>>>>

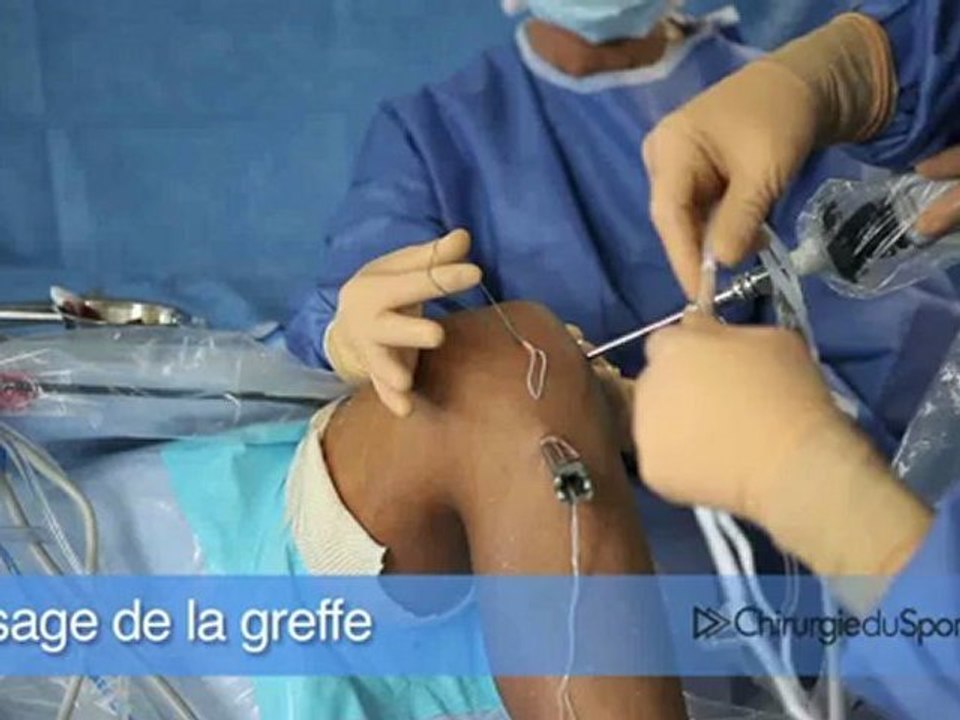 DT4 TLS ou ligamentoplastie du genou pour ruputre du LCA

<<<<
>>>>

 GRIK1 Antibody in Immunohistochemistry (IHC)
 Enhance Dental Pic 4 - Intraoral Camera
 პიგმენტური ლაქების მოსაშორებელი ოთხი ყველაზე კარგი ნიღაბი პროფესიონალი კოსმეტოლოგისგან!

<<<<

Exercise requirements:
Produce a word-for-word copy of everything above from the line holding "GRIK1 Antibody in Immunohistochemistry (IHC)" down to the line holding "პიგმენტური ლაქების მოსაშორებელი", with both of those lines kept.

Task result:
 GRIK1 Antibody in Immunohistochemistry (IHC)
 Enhance Dental Pic 4 - Intraoral Camera
 პიგმენტური ლაქების მოსაშორებელი ოთხი ყველაზე კარგი ნიღაბი პროფესიონალი კოსმეტოლოგისგან!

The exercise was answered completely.